“I think this new ruling is a step in the right direction and will certainly be welcomed by those living along the border corridor. This will also have a positive impact on those doing business in the area. Currently most business people would operate two mobile phones, a northern and a southern one, hopefully now this practice will no longer be required and those in business will see a reduction in communication costs.”
TENS of thousands of mobile phone users in border areas of South Armagh will be better off after the announcement by the European Commission that mobile roaming charges will be abolished from next summer.
Keady Sinn Féin Councillor Darren McNally said the move was “long overdue”.
“The creation of a single telecom market across Europe will reduce costs for people who live in border areas where mobile phones roam inadvertently,” he said.
“Mobile roaming is a huge problem for people in the rural areas south of Armagh city who are contracted to one network but who roam onto many other networks during the course of their day.

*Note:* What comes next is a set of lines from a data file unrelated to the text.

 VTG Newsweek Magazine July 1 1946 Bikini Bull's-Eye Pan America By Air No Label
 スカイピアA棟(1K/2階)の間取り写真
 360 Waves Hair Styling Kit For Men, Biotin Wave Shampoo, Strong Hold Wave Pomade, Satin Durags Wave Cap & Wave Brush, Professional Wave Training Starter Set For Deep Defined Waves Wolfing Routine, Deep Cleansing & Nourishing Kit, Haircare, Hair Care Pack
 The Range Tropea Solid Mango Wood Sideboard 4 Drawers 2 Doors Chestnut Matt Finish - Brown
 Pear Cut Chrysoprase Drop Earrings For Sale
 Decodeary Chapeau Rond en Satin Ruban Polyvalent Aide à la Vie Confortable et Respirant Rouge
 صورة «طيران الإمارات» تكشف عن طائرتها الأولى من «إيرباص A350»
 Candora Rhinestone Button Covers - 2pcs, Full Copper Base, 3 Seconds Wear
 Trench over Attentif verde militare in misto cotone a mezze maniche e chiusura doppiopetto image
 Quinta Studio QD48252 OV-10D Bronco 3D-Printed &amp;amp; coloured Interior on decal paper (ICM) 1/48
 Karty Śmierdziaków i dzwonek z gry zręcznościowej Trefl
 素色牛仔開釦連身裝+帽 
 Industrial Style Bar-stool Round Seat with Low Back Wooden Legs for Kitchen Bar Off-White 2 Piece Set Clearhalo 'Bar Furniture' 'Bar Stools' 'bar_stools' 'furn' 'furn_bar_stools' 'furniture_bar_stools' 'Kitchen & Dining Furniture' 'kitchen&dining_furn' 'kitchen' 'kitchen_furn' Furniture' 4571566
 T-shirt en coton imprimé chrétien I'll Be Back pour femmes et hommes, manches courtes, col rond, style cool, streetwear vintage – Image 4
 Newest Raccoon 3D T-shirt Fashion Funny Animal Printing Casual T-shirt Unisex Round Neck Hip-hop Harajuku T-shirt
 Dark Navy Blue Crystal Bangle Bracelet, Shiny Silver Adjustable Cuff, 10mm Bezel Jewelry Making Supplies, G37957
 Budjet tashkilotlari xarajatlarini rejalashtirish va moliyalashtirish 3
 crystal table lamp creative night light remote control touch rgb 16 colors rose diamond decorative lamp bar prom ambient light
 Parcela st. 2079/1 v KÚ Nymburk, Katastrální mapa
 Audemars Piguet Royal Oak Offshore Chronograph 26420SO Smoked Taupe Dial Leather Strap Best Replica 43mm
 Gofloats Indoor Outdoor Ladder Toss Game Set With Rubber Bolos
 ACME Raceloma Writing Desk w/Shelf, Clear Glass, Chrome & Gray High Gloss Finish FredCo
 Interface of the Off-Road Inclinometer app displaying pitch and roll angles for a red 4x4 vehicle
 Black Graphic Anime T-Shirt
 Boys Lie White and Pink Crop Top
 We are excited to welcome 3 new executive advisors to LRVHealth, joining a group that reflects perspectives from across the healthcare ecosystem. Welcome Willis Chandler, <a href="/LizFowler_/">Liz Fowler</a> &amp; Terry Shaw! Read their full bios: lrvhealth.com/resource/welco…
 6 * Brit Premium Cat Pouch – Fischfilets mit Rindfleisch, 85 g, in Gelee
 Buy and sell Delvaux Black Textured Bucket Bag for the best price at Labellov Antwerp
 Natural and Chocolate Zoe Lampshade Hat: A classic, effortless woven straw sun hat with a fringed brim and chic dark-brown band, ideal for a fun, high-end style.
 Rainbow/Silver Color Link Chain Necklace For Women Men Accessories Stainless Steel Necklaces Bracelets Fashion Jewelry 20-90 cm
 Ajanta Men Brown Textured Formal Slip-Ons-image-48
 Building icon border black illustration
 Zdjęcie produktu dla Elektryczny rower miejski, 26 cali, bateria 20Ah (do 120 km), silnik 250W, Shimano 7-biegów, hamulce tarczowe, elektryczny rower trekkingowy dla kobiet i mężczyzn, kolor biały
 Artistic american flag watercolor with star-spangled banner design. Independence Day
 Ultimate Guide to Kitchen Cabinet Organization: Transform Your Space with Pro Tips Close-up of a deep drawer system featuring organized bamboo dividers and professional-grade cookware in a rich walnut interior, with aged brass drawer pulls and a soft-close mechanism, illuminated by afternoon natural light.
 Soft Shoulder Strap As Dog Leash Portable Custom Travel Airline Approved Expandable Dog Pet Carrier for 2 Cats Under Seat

“People in Crossmore typically purchase phones on southern networks such as o2 IRL or Vodafone IE as these are the networks with service in this area.
“Problems arise, however, when these people go further into the north to Armagh, for example to school or to do business, as the phone then roams onto the northern version of these networks. Of course there is a cost implication in roaming with people being charged in some cases even to receive calls and texts.
“I also hope that the irritating texts which seem to come in twos ‘welcoming’ people to the UK or the Republic of Ireland when they have travelled only a few miles from their homes will be a thing of the past under the new regulations.